Jack Halpern


   Data Licensing

Comprehensive Database of Chinese Name Variants


The Problem of Name Variants

The number of personal names and their variants is probably in the billions. The number of place names is also large, but they have fewer variants. Identifying names and their variants is a difficult computational linguistic task. Named Entity Recognition (NER) is a hot topic in computational linguistics and plays an important role in many IT applications.

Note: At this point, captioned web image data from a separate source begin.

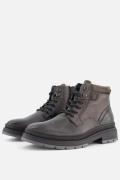 Outfielder Veterschoenen grijs Leer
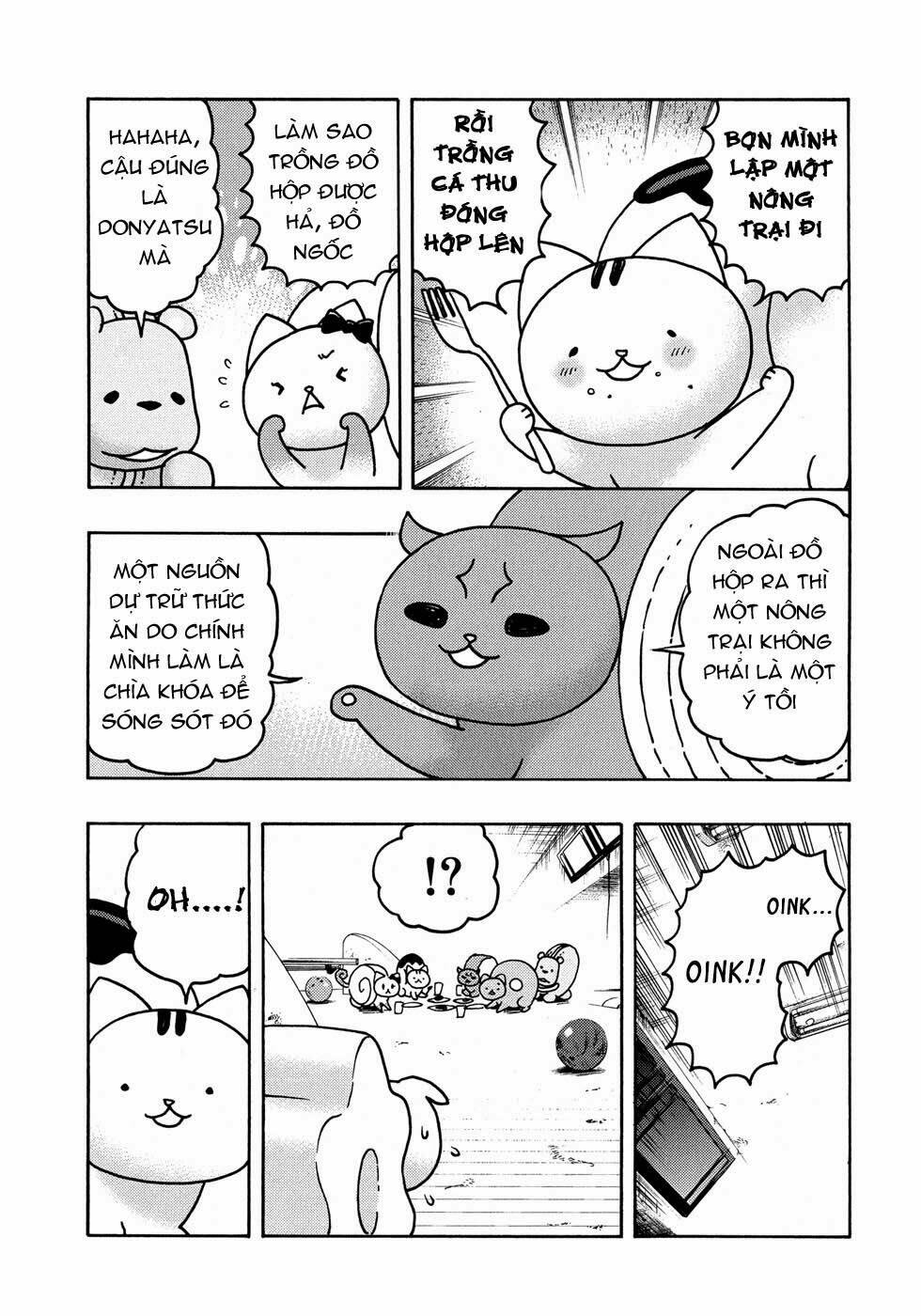 donyatsu chapter 24 7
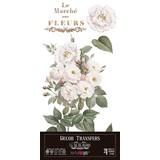 Papers For You Decor Transfers 6x12 Inch Roses (PFY-14765)*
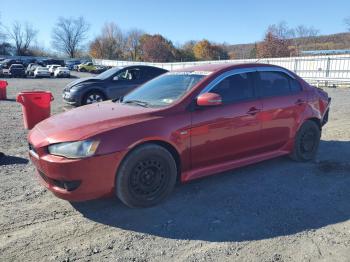  Salvage Mitsubishi Lancer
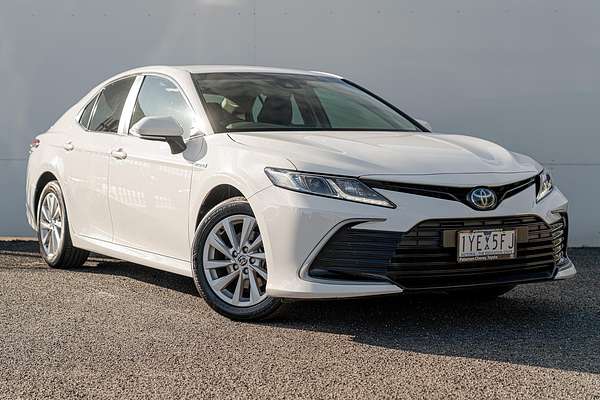 2023 Toyota Camry Ascent AXVH70R
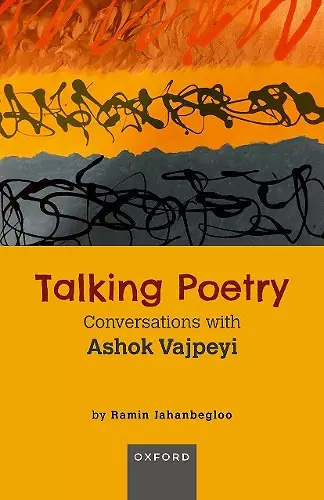 Talking Poetry cover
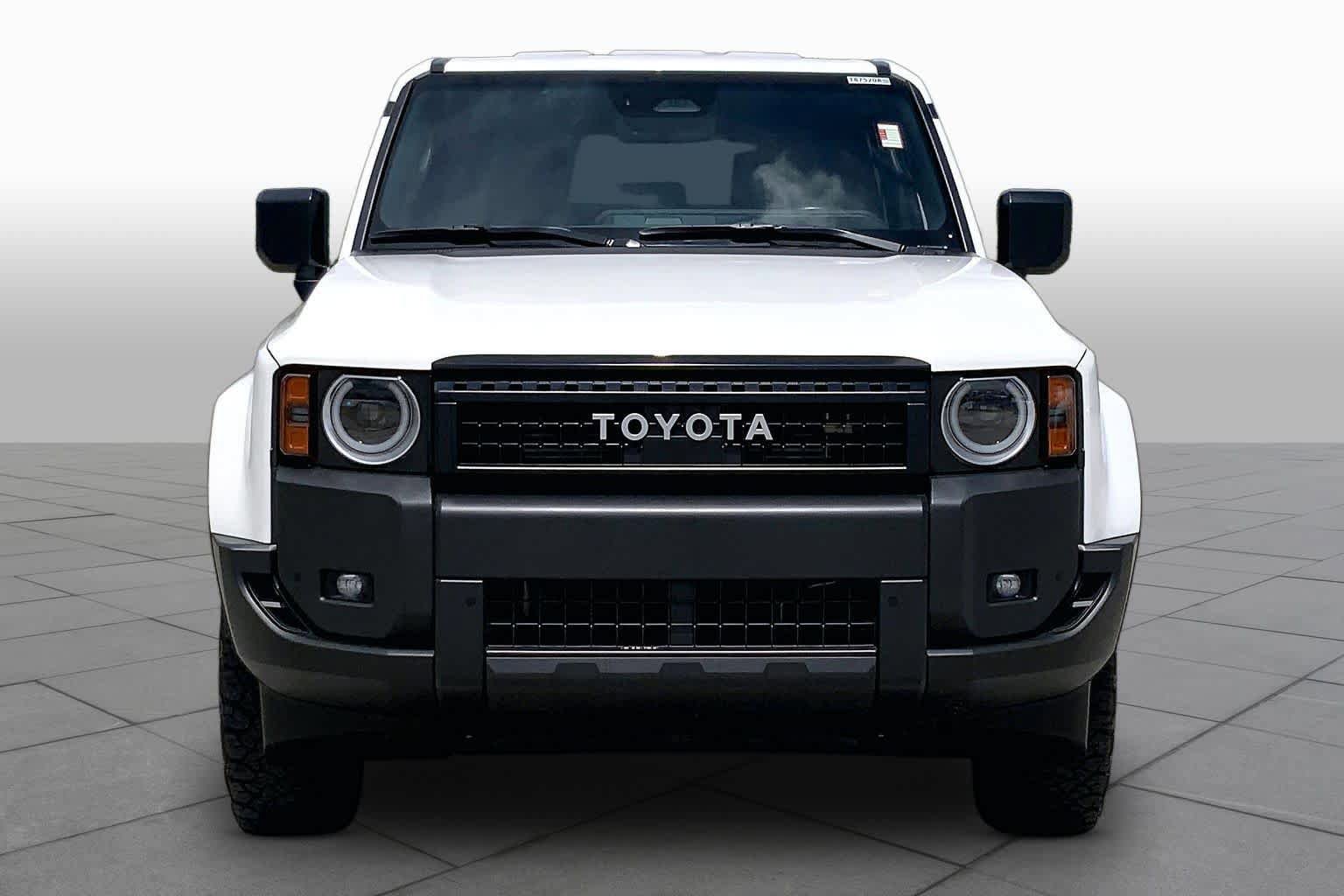 Used 2025 Toyota Land Cruiser 1958 AWD/4WD image 4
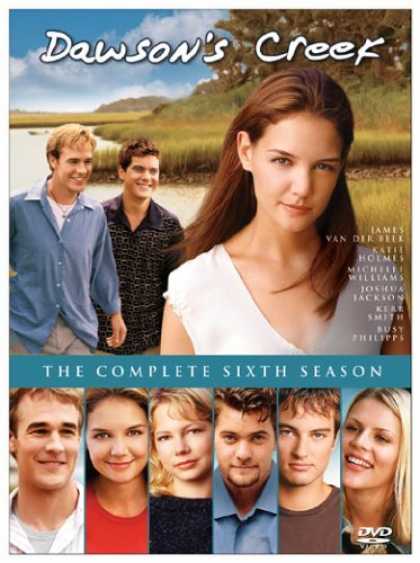 Bestselling Movies (2006) - Dawson's Creek: Complete Sixth Season (4pc) by Lev L. Spiro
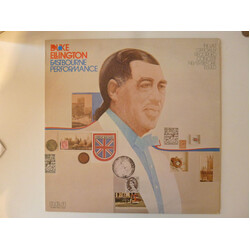 Duke Ellington Eastbourne Performance Vinyl LP USED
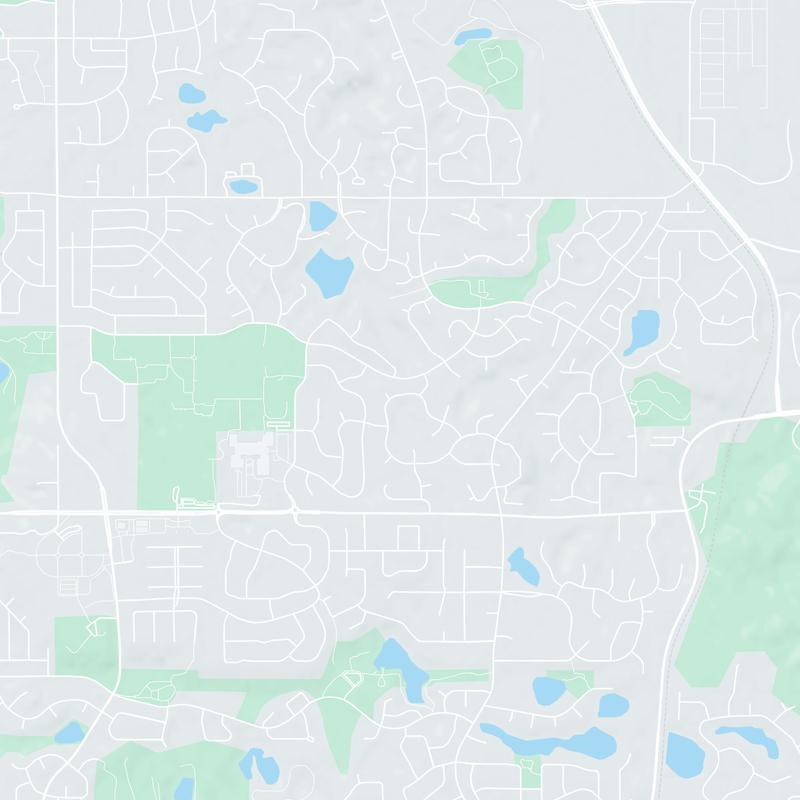 4047 Camberwell Dr N, Saint Paul, 55123, MN, United States map image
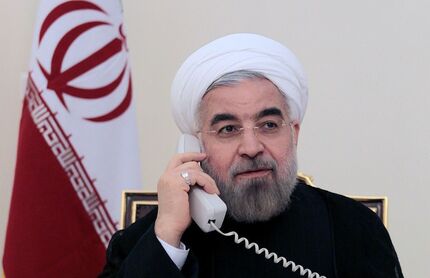 روحانی: ایران همواره در کنار دولت و ملت افغانستان است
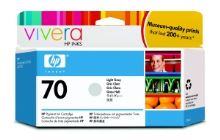 HP no 70 sv. šedá inkoustová kazeta, C9451A (1)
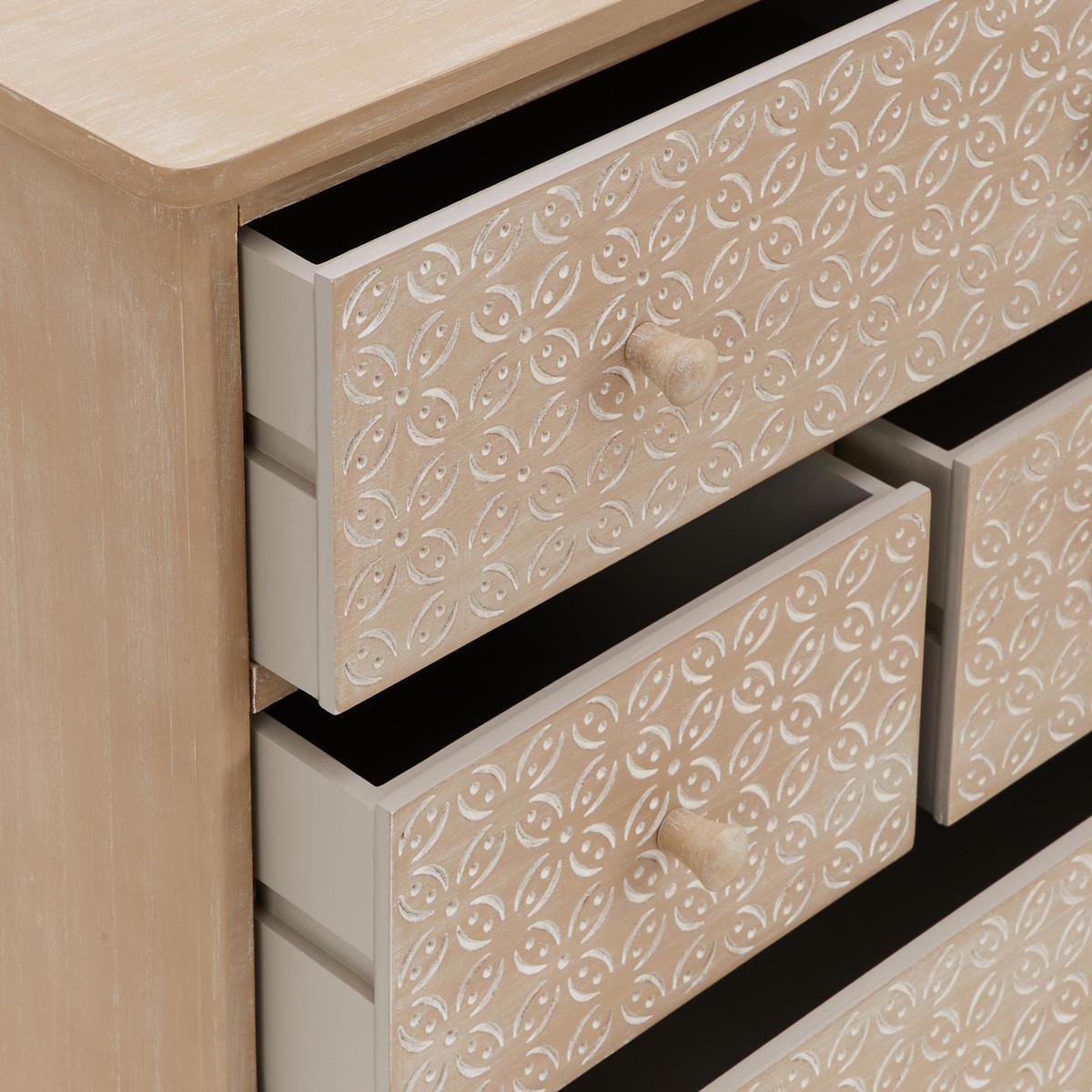Ivy Chest of Drawers Natural – image 5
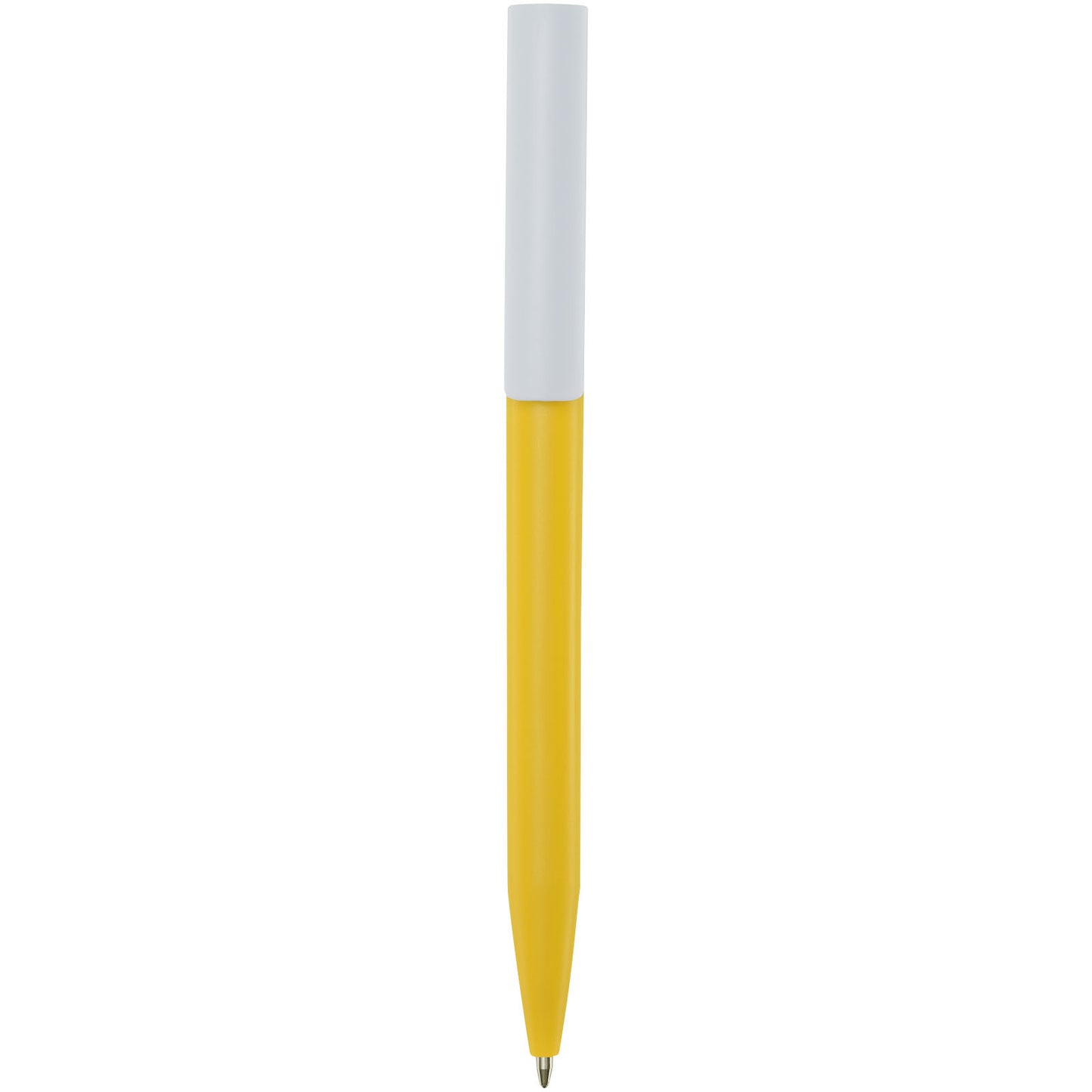 Unix recycled plastic ballpoint pen (black ink)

To enhance this technology, CJKI maintains comprehensive databases of several million proper nouns, especially of Japanese names, Chinese names, and Arabic names. This document describes some issues of Chinese name variation and provides samples of our Chinese name variants resources. For reference, see also The Role of Lexical Resources in CJK NLP Applications and Named Entity Contextual Clues.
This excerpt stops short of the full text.